▸ **WORK ORDER**: In the records below, repeat word for word only the lines starting at the one that contains "OBTANIM 50 Sheet" and ending at the one that contains "Set 33 khuôn", pictures excluded.
━━ EXERCISE MATERIAL
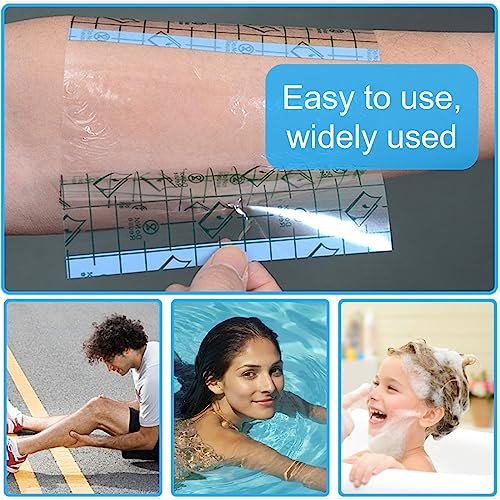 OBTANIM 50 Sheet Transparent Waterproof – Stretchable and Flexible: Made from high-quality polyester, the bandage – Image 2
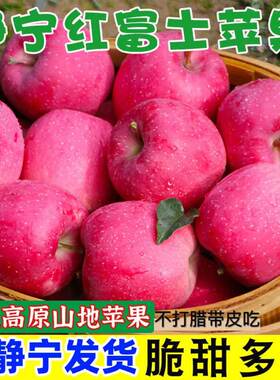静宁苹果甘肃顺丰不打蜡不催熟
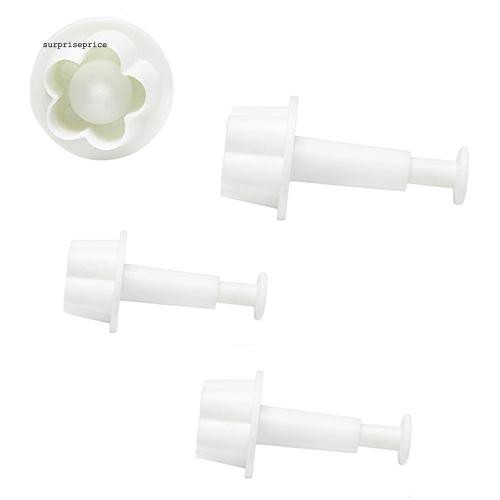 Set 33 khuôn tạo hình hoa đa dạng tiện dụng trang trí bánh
━━━━
━━ EXERCISE MATERIAL
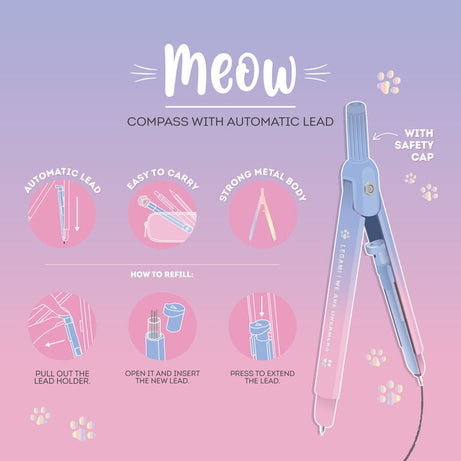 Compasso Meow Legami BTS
━━━━
━━ EXERCISE MATERIAL
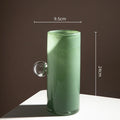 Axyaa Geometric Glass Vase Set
━━━━
▸ **TASK OUTPUT**:
 OBTANIM 50 Sheet Transparent Waterproof – Stretchable and Flexible: Made from high-quality polyester, the bandage – Image 2
静宁苹果甘肃顺丰不打蜡不催熟
 Set 33 khuôn tạo hình hoa đa dạng tiện dụng trang trí bánh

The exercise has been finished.